Hücrelerimizde karbonhidratların enerjiye dönüştürebilmesi için bu şekerler monosakkarit şekline dönüştürülmelidir. Kısaca karbonhidratları bu amaçla, parçalar ve sindiririz. Böylece hücrelerimizde karbonhidratlar kullanılabilirler. Hücrede enerji, mitokondrilerde genellikle oksijen kullanılarak oluşturulur. Hücrede enerji olarak ortaya çıkan ATP’dir.
Ayrıca, gerektiğinden fazla karbonhidrat alındığı durumda şekerlerin bir miktarı glikojen olarak ancak çoğunluğu yağ olarak depo edilmektedir. Besinlerle aldığımız maddelerin belirli oranlarda dengede olması zorunludur. Fazla alım söz konusu olduğunda şişmanlık kaçınılmaz olacaktır.
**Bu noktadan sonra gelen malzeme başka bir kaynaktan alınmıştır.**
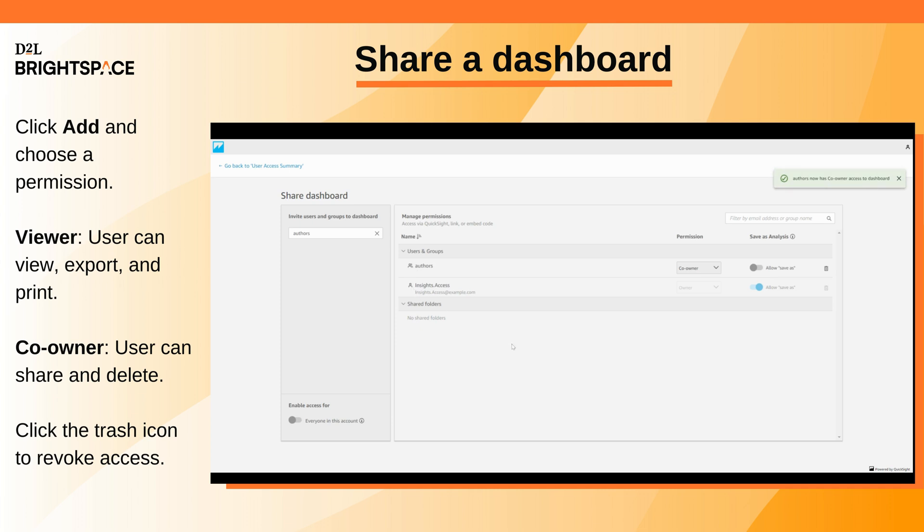To revoke access, click the trash icon beside the user in the Manage Permissions list.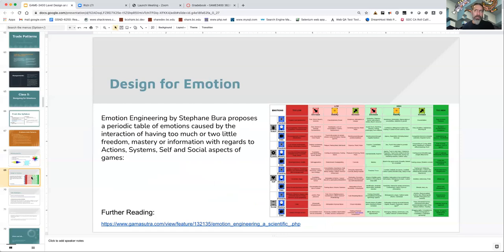On to something more practical. This is from an article on emotional engineering by Stephanie Barr — a Gamasutra article linked right there, which was in your reading for the week. It looks at four different aspects of game design: the actions you can take, the systems in the game, the player's sense of self, and the social interactions in the game. For each of those areas, it examines how much freedom the player has, how much mastery they have, and how much data or information is available to them.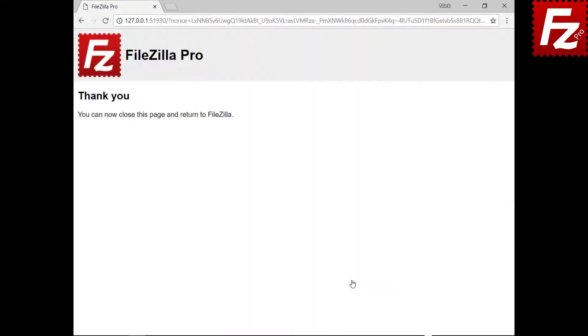Now authorize FileZilla Pro to access Google Drive. If everything is correct, the connection continues without problems.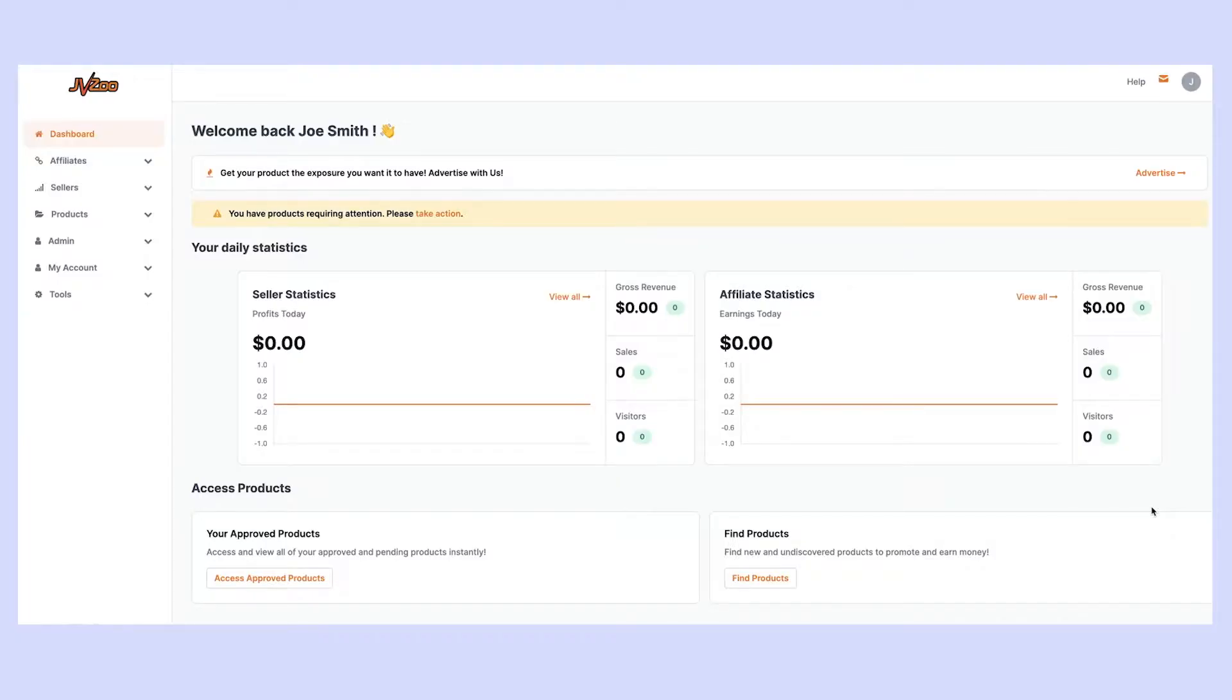Welcome to JVZoo Tutorials and in this video we're going to show you how to add your payment methods so you're actually able to get paid for the products you promote as an affiliate using JVZoo Pay.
Karbonhidratların besinlerimizde belirli bir dengede olması gerektiğinden, eğer besinde dengesiz oranda yağ, protein var ise bu durumda farklı oranda gıdalarla tüm besinin dengelenmesi gerekir. Proteinden zengin besinleri; karbonhidrat ve yağ ile, karbonhidrattan zengin gıdayı; protein ve yağ ile, yağdan zengin gıdayı; protein ve karbonhidratla dengelemeliyiz. Ancak bu dengede en yüksek oran karbonhidrat olmalıdir.
Unutulmamalıdır ki sindirilemeyecek ve hatta zararlı olan karbonhidrat tiplerinin verilmesi, yarar yerine zarar verecektir.
Basit ve çift şekerler tatlıdırlar. Ancak her bir şekerin tatlılık derecesi farklıdır. Meyve şekeri (fruktoz) pancar şekerinden tatlı iken, süt şekeri (laktoz) daha tatsızdır. Bu yapıdaki karbonhidratlar suda kolay erirken, nişasta gibi çoğul yapıdaki şekerler suda zor çözünürler. Ancak nişasta ısı altında pişirilecek olursa, parçalanarak çift ve basit şekerlere dönüşerek suda çözünürler.
Nişastanın su çekme özelliği (ozmotik basıncı) az iken, pişerek parçalanınca su çekme kapasitesi yüksek olan basit ve çift yapılı şekerlere dönüşür. Nişasta, suyu yapısı içine çekerek koyulaşır ve pelte şekline döner. Nişastanın üstüne iyot döküldüğünde mor renk alırken, piştikten sonra parçalara ayrıldığından mor renk oluşmaz.
Basit şekerler mayalandığında karbondioksit ve etil alkol oluşur. Üzümden şarap yapılması bu fermantasyon temeline dayanır.
Şeker ile proteinler bir arada uzun süre kaynatılacak olursa, aminoşeker oluşur ve sindirimi zorlaşır. Özellikle sütün fazla kaynatılması bu açıdan sakıncalıdır.